• _Data shown_
###

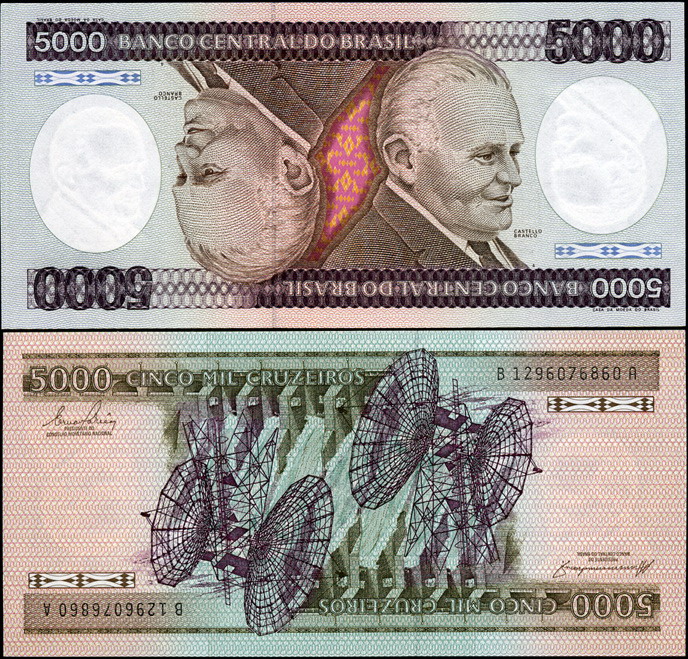 Бразилия. 5000 крузейро (Unc) 1984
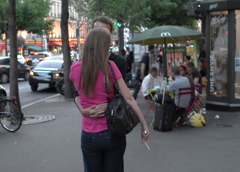 adoring hug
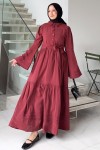 İspanyol Kol Tesettür Elbise 2276 - BORDO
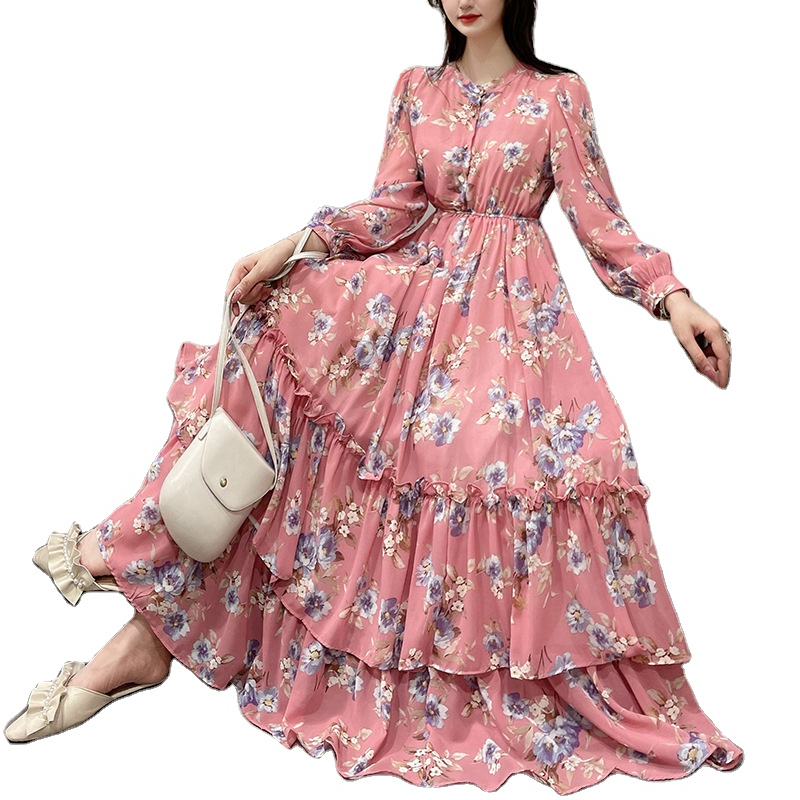 Wholesale Floral Long-Sleeved Dress for Women - Casual Midi A-Line Style,  Eco-Friendly, Perfect for Daily Wear
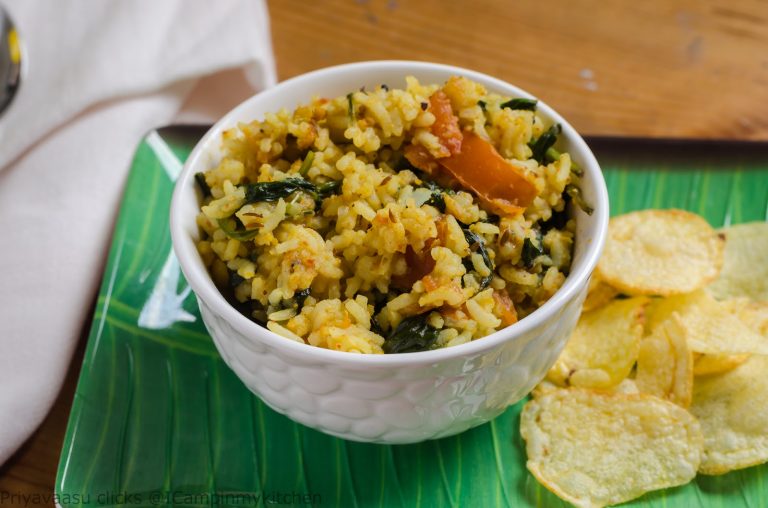 Spinach Rice - Using Leftover Rice - Meal for one #mealforone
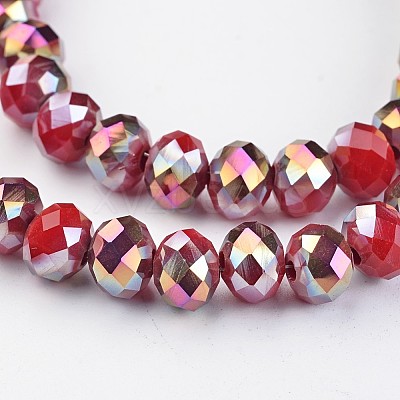 Electroplate Glass Beads Strands EGLA-P018-8mm-H01-1A-1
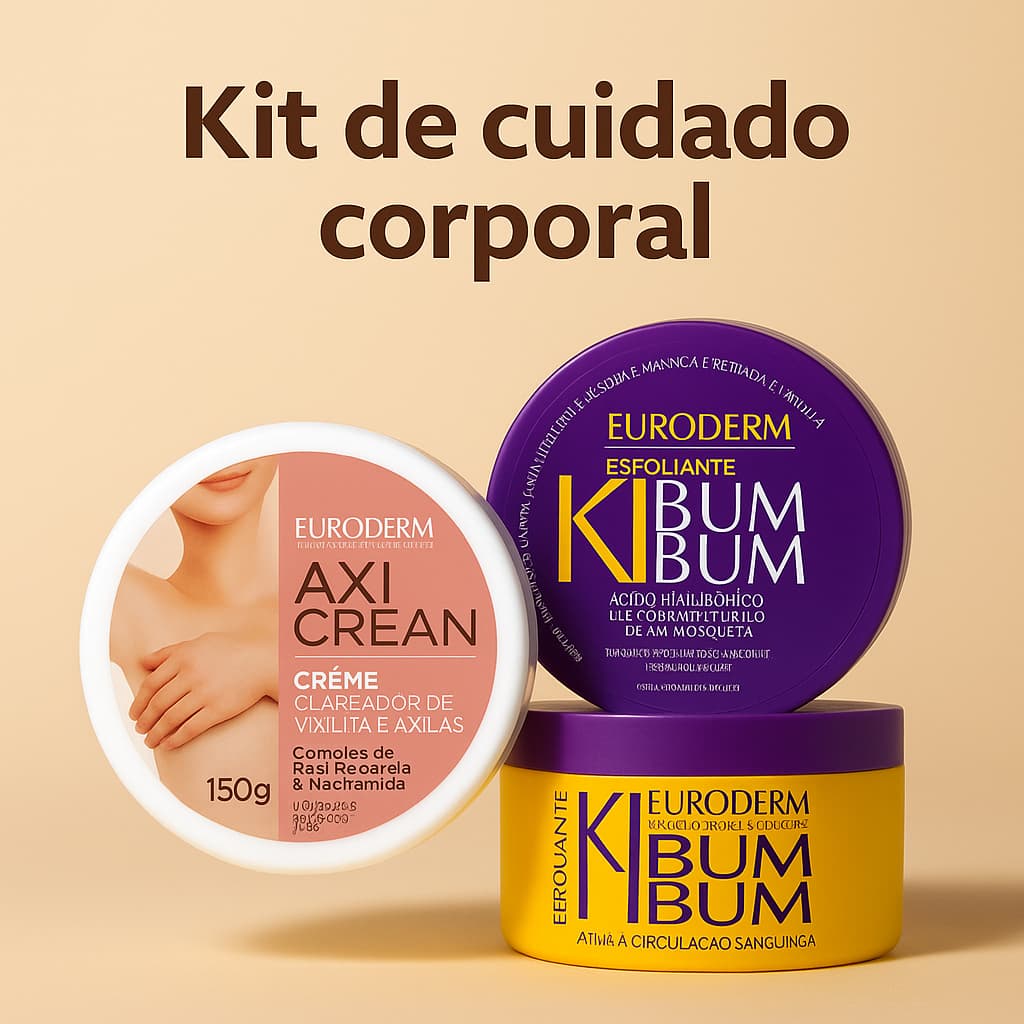 Kit 2 em 1 Creme Clareador de Axilas + Esfoliante Corporal Kibumbum Redutor de Celulite e Estrias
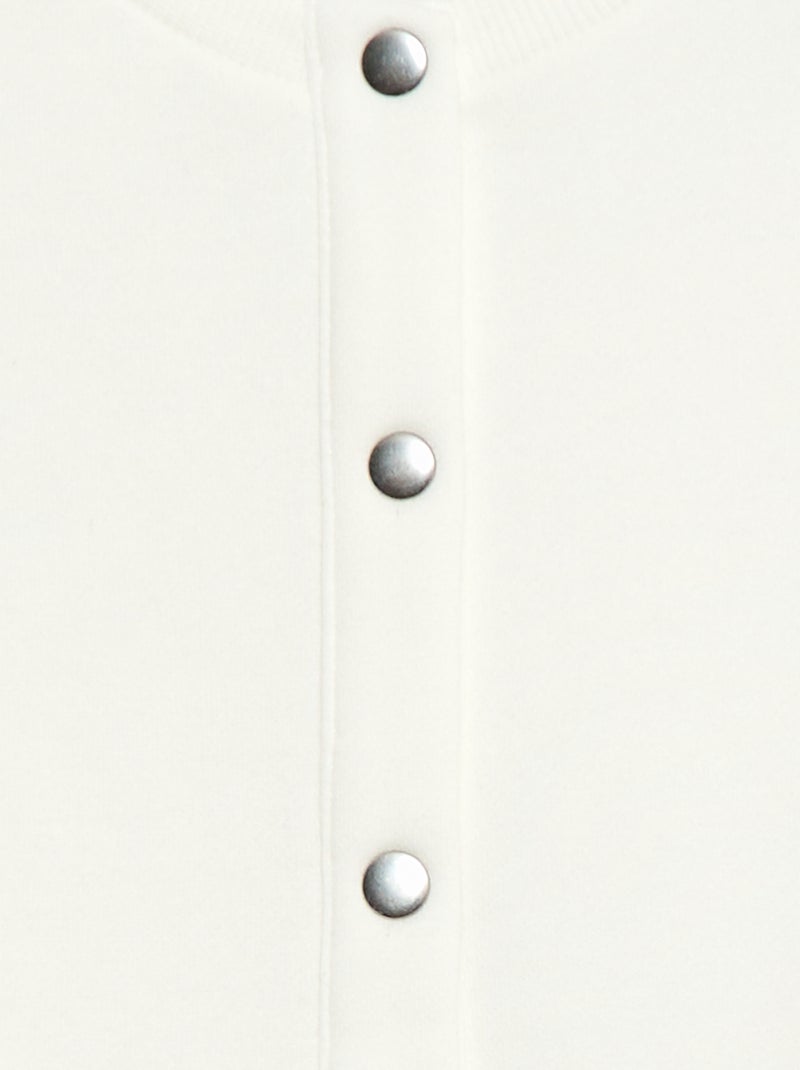 Vestje met lange mouwen en drukknoopsluiting Wit - Kiabi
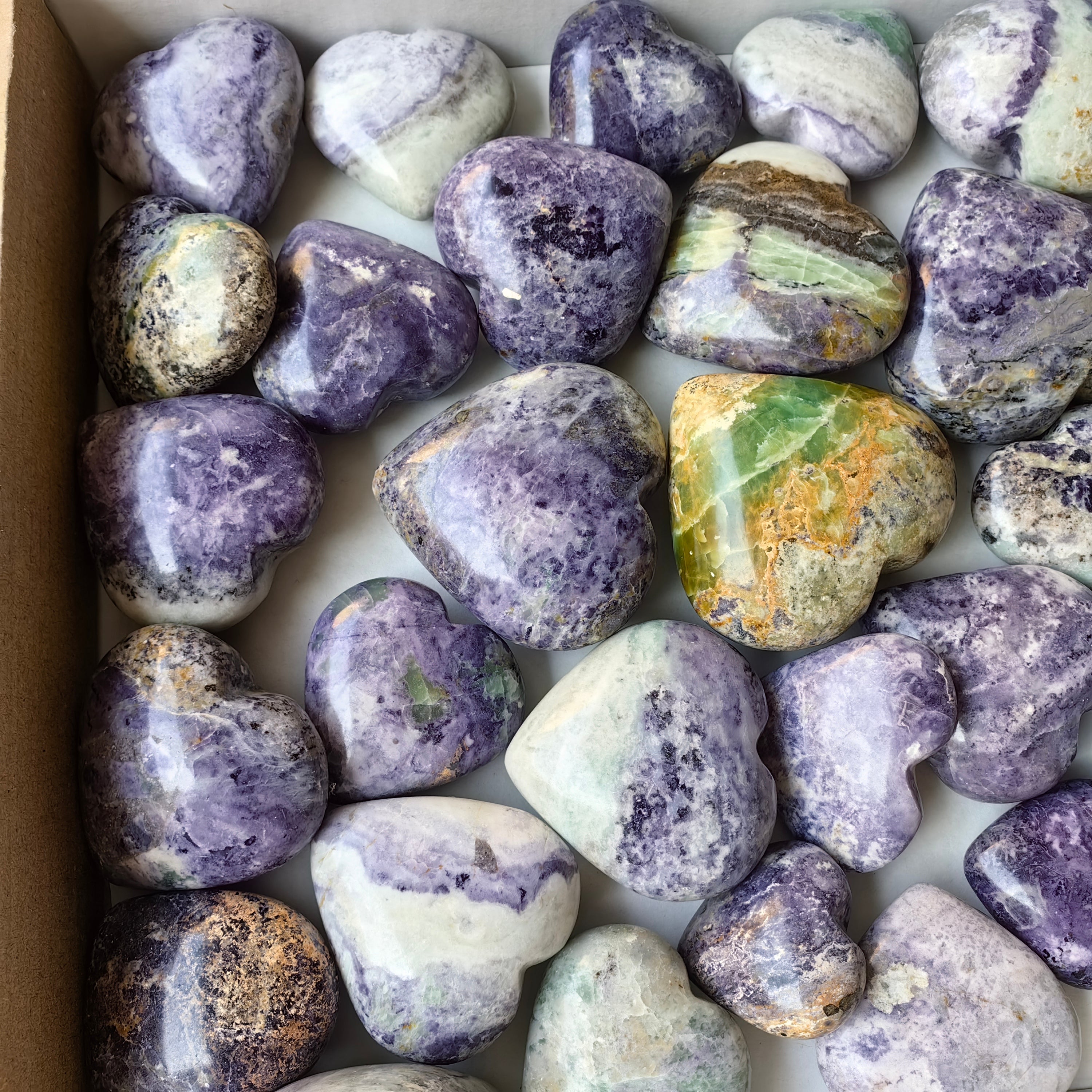 38 pc bolivianite hearts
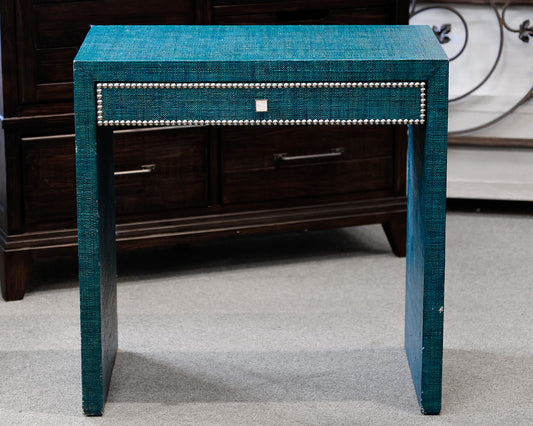 Curate Home Collection Teal Linen Wrapped Side Table
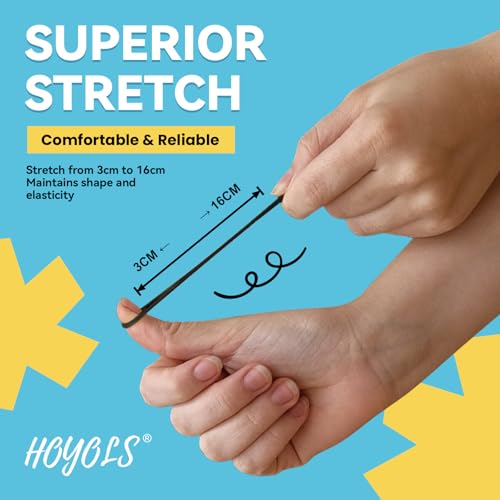HOYOLS Black Elastic Hair Ties Rubber Bands Mini Polyband Soft Ponytail Holder for Kids Baby Girls TPU Pack 1500 - Image 4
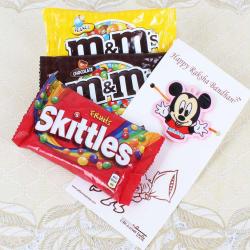 Rakhi to Canada - Micky Mouse Rakhi with MnM and Skittles Chocolates Packs - Canada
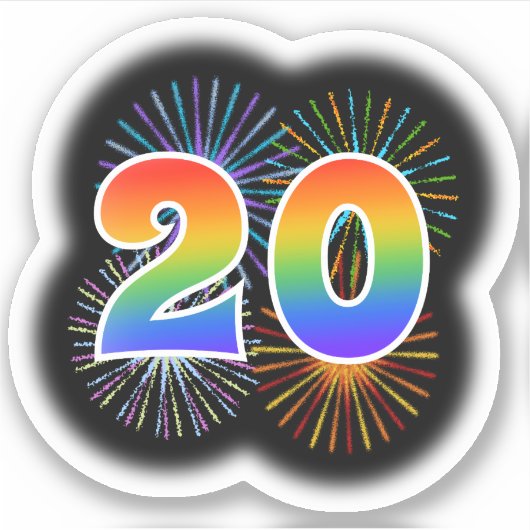 Leuk vuurwerk + regenboogpatroon "20" Event # Sticker (Voorkant)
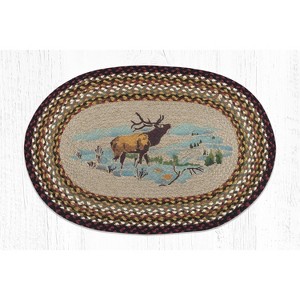Earth Rugs Winter Elk Oval Rug – 20"x30" Hand-Braided Jute Accent Mat with Snowy Forest Scene and Rustic Cabin Decor - 1 of 3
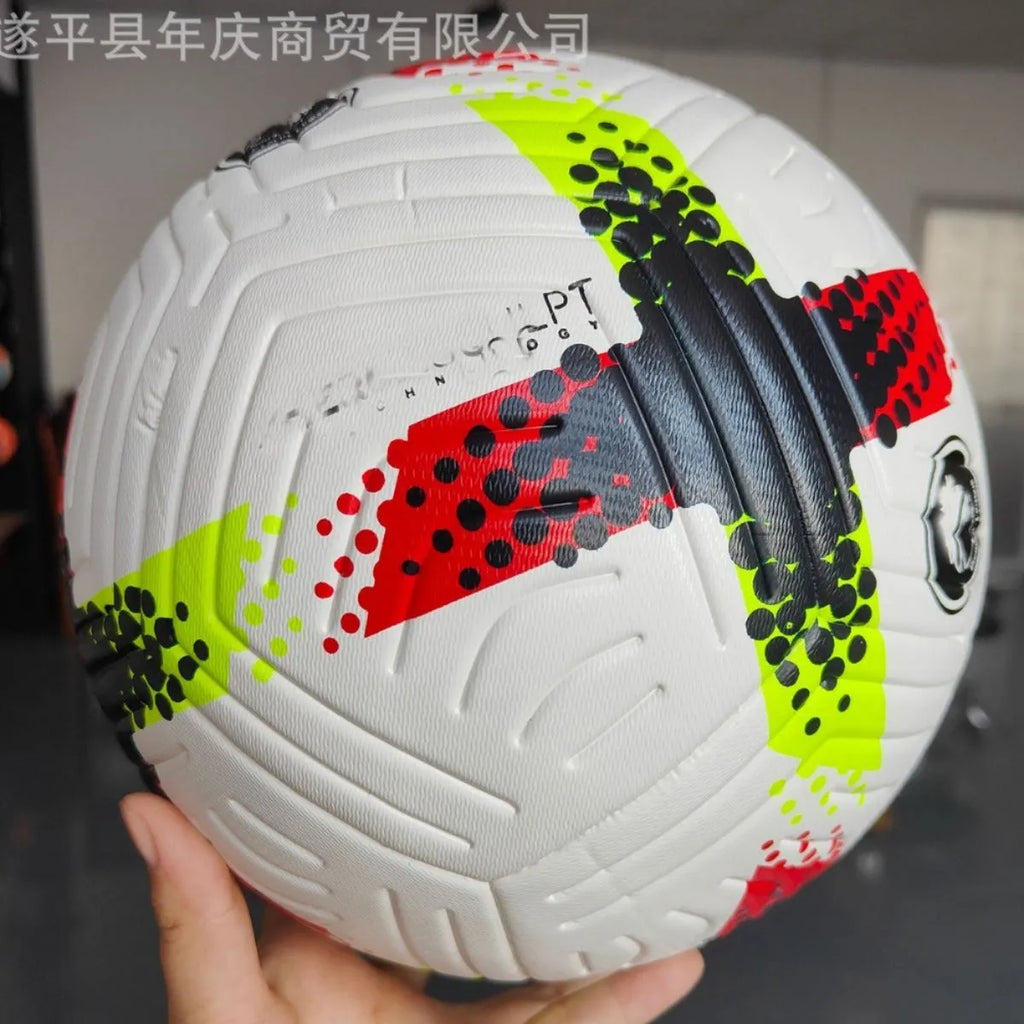 Fluorescent green seamless PU football size 5 for training and matches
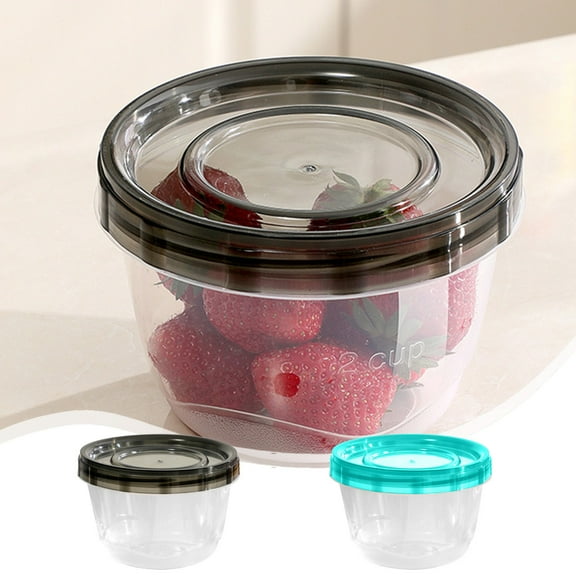 Food Storage Container 473ml Round Plastic with Lid | Leakproof Airtight Soup Box | Stackable Space-Saving Fridge Organizer | Microwave Safe | Reusable Meal Prep | 1 Pack | Black Blue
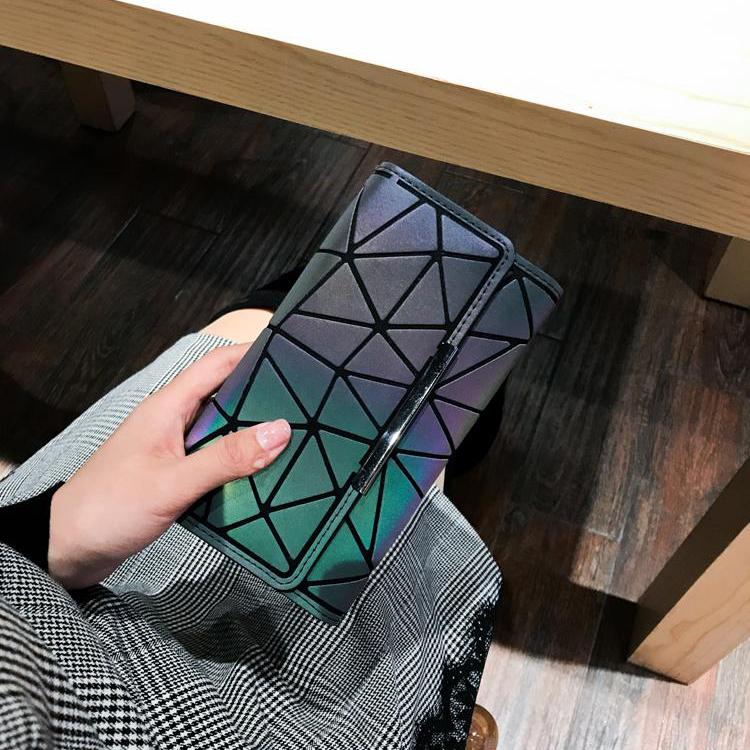 Brand Women Wallet Clutch Luminous Long Purse Ladies Cards Bag Fashion Geometric Female Bags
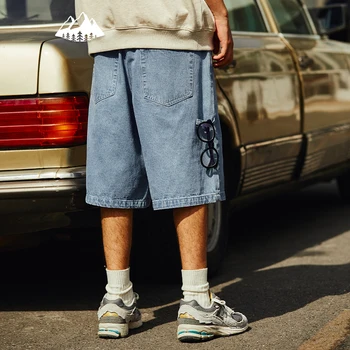 شورت جينز كلاسيكي من التضخم للرجال ، فضفاض ، مستقيم ، مغسول - Image 3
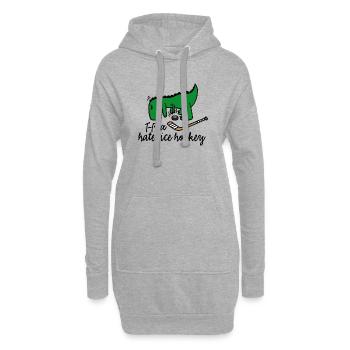 T-Rex hates hockey Eishockey Eishockeyspieler - Hoodie-Kleid - Grau meliert - Vorne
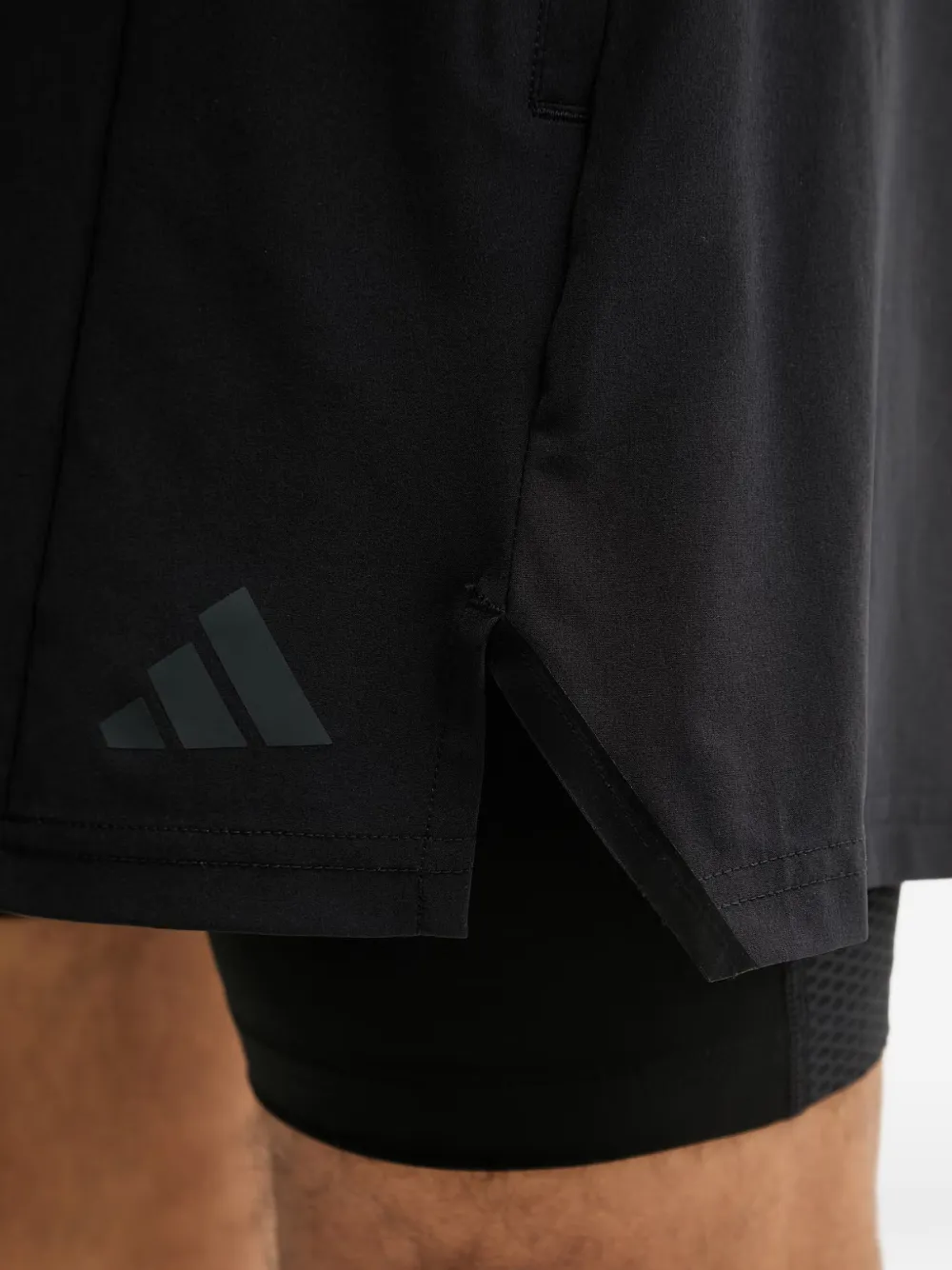 adidas D4T Workout 2in1 logo performance shorts Zwart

###

• _Task to carry out_
Exact copy, pictures excluded: every line above from the one containing "Wholesale Floral Long-Sleeved" to the one containing "Electroplate Glass Beads", inclusive, and nothing more.

• _Answer space_
 Wholesale Floral Long-Sleeved Dress for Women - Casual Midi A-Line Style,  Eco-Friendly, Perfect for Daily Wear
 Spinach Rice - Using Leftover Rice - Meal for one #mealforone
 Electroplate Glass Beads Strands EGLA-P018-8mm-H01-1A-1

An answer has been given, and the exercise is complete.